From a given taxon sampling and a given seed species compute a normal sequence based phylome and a novel structure based phylome.
The first thing must be installing snakemake and you can easily do this with this conda command
conda create -c conda-forge -c bioconda -n snakemake snakemake hdf5 snakefmt snakedeploy
Then from now one I'd reccomend to manage further dependencies with conda using the --sdm conda
flag in snakemake. Otherwise you can find in workflow/envs/
different yaml files to recreate what is needed at each step.
The only dependency not automatically managed in the pipeline is gsutil: follow these instructions for gsutil installation.
First of all you need to download the data, to do this you need an input file with 3 columns (Uniprot ID\tTaxid\tmnemonic), see data/input/Test_set.txt
. You also need a config file where you can specify various parameters, see config/test.yaml
for example. The analysis in the paper were done using config/Hsapopi_test.yaml
.
# Input file
dataset: 'example'
taxids: 'data/input/Test_set.txt'
species_tree: 'data/sptrees/Test.nwk'
seed: ['UP000000625']
root: 'ecoli'
# this is the number of seed genes to run the pipeline
test_seeds: 15
n_examples: 3
Importantly, global parameters that are likely to be used across different datasets are in config/params.yaml
. Note that the values in the first yaml are prioritary to the ones in this last file!
Once you have these you can simply run:
snakemake -s workflow/download_data.smk --configfile config/test.yaml -p -j2 --sdm conda
This first pipeline is necessary to get all input files. From the input table we can download all the pdbs from google and then consider only those entries with mean average quality > params["low_confidence"]
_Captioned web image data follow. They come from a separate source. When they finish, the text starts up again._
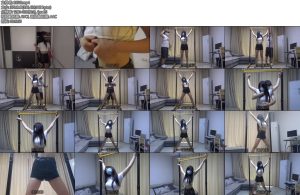 [新月原创] 佳怡工作室佳怡露脐装短皮裙性感女zei12厘米高跟鞋入室偷窃被抓被罚脱yf大字捆绑高跟鞋站立玩xiong-丝依依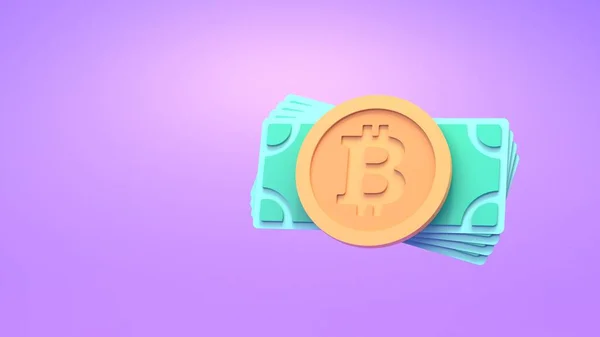 Bitcoin Banknoty Ilustracja Renderowania — Zdjęcie stockowe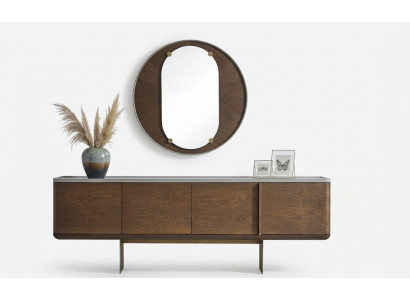 Bruin dressoir Moderne houten meubels Luxe ronde spiegel Woonkamer 2-delig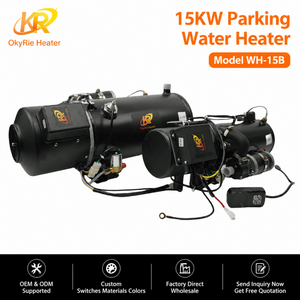 Calentador <span class=keywords><strong>de</strong></span> Líquido <span class=keywords><strong>de</strong></span> Alta Resistencia OkyRie WH-15B <span class=keywords><strong>de</strong></span> 15KW con Relé Integrado, Sin Cableado Adicional, Precalentamiento <span class=keywords><strong>de</strong></span> Motor para Autobuses y Camiones - Product Image 1
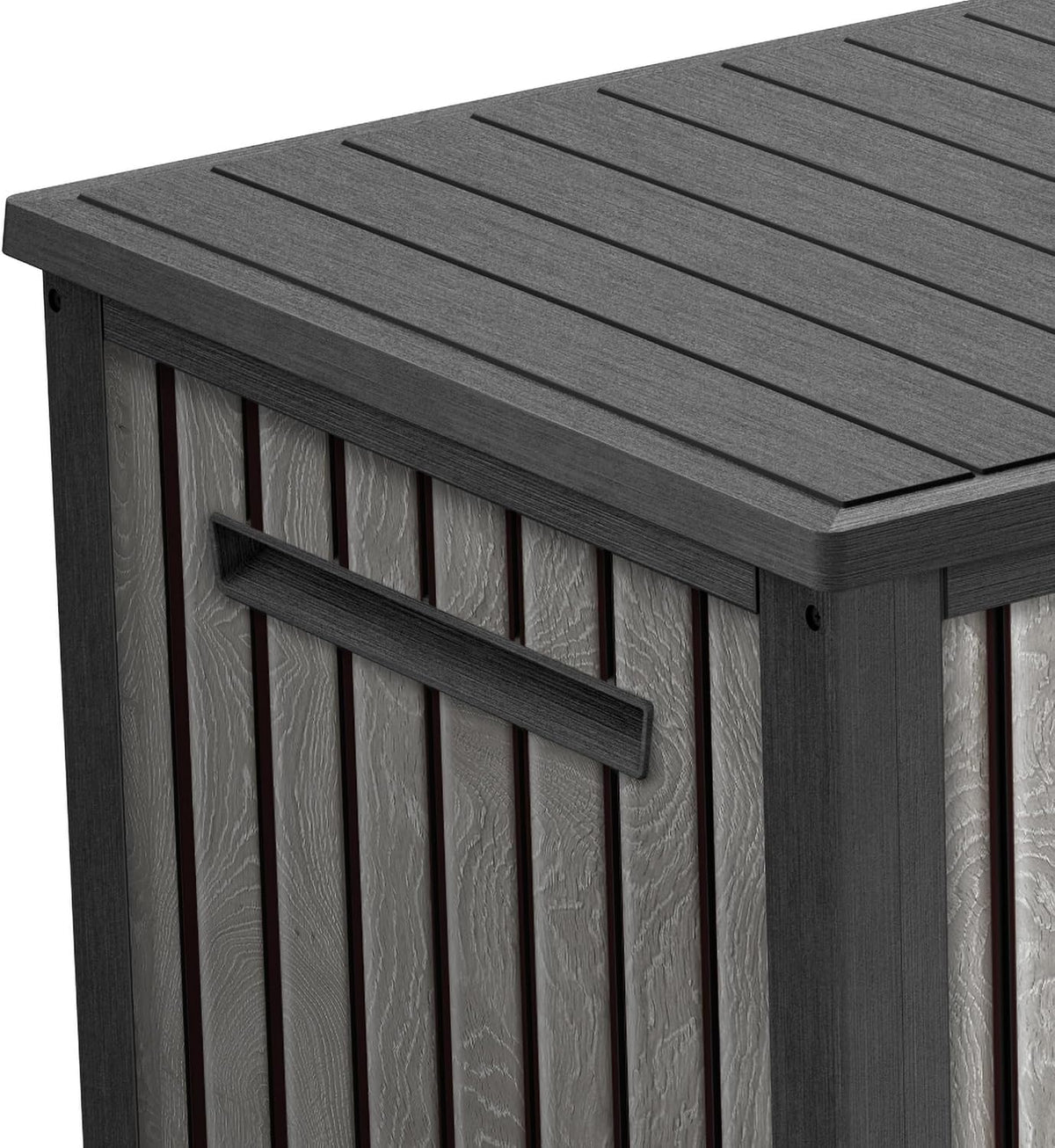 Keter Signature 643L Outdoor Storage Box – Venetian Grey | Weather‑Resistant, UV‑Protected, Lockable Storage Box | 350 kg Lid Capacity to Seat Two Adults | Piston‑Assisted Opening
value. These will be moved into the high_cif
folder for each proteome.
You can change the directory where all these data are stored with params["data_dir"]
parameter but I would just use the default one.
To run the actual pipeline you just need as input the species tree and the previous uniprot table file. Once you have these you can decide the target sets and the methodological implementations that you'd like to explore:
combinations: ["3Di_3Di", "aa_QT", "aa_LG", "3Di_GTR", "3Di_FT", "3Di_LLM", "3Di_AF"]
#, "3Di_FTPY"]
# Subset of the first one that requires ML
combinations_ML: ["3Di_3Di", "aa_LG", "3Di_GTR", "3Di_LLM", "3Di_AF"]
Another important parameter is the seed
. You can specify one or a list of many (although this feature is more or less untested) and the pipeline will create one output per seed species.
To run the pipeline you can simply run this command and monitor that everything is more or less running fine.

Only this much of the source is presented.